There are multiple ways to create numeric vectors.

2.1.1 Method A: c() (Combine)

This is the most common method.

x <- c(0.3, 0.1)
x
[1] 0.3 0.1
is.vector(x)
[1] TRUE
Note

c() Function

How should we understand c()?

  • The Abbreviation: c stands for Combine (or sometimes Concatenate).

  • The Concept: You can think of c() as a “Glue” or a “Container.” It takes individual, separate values and glues them together into a single, ordered sequence.

Tip

Coding Style:

The Comma Rule It is not mandatory to put a space after a comma—both c(0.3, 0.1) and c(0.3,0.1) will work perfectly.

However, much like writing in English, your code is significantly easier for others (and your future self) to read if you consistently place a space after every comma. It makes your code look professional and clean.

2.1.2 Method B: vector() or numeric()

Creates an empty vector of a specific size (defaults to 0).

x <- vector(mode = "numeric", length = 10)
x
 [1] 0 0 0 0 0 0 0 0 0 0
x <- numeric(length = 10)
x
 [1] 0 0 0 0 0 0 0 0 0 0

2.1.3 Method C: seq() and rep()

Sequences (seq and rep) are useful for generating data automatically.

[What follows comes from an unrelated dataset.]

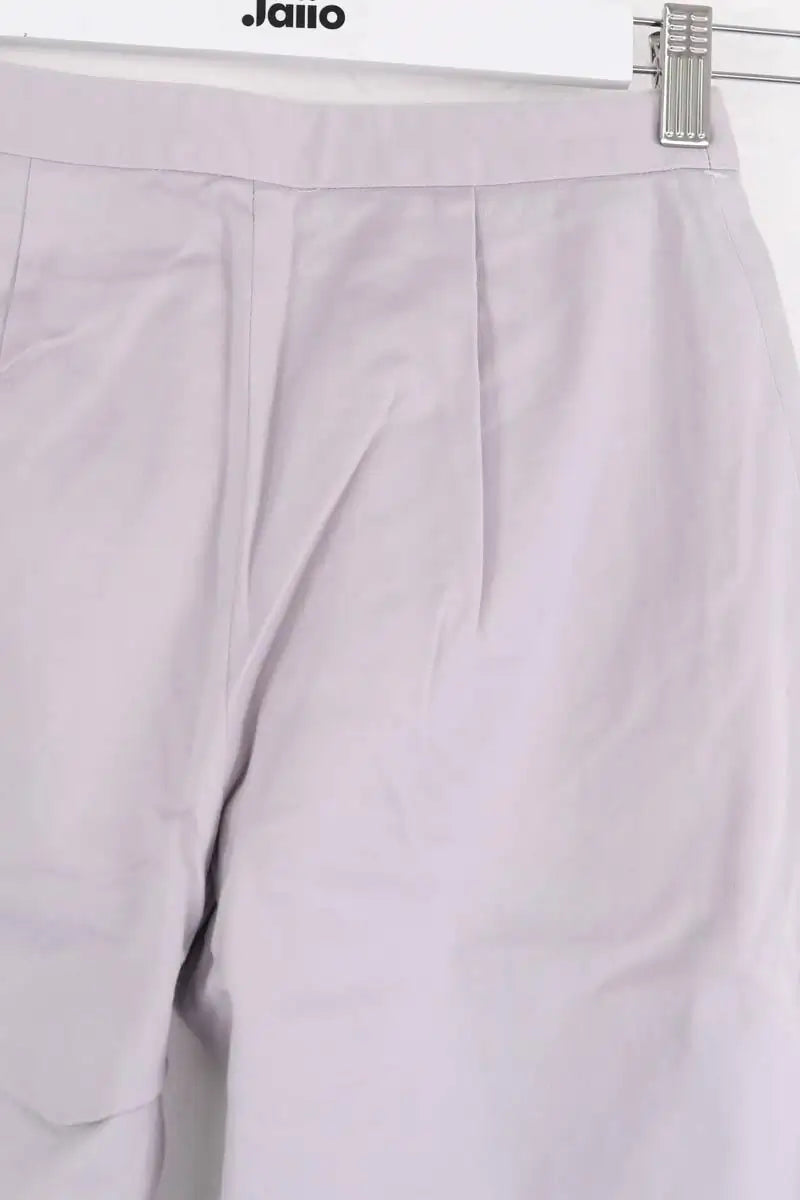 Chino Agnès B. Gris en Coton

# Sequence from 1 to 10, jumping by 2
x <- seq(from = 1, to = 10, by = 2)
x
## [1] 1 3 5 7 9
is.vector(x)
## [1] TRUE

# Repeat the number 2, 10 times
x <- rep(2, 10)
x
##  [1] 2 2 2 2 2 2 2 2 2 2
is.vector(x)
## [1] TRUE
Tip

Checking Vector Length with length()

## Creates an empty vector of length 10
x <- vector(mode = "numeric", length = 10)
x
##  [1] 0 0 0 0 0 0 0 0 0 0
length(x)
## [1] 10

# Repeat the number 2, 5 times
y <- rep(2, 5)
y
## [1] 2 2 2 2 2
length(y)
## [1] 5

length(x) == length(y)
## [1] FALSE

2.2 Integer Vectors

Integers are whole numbers. You force them by adding L.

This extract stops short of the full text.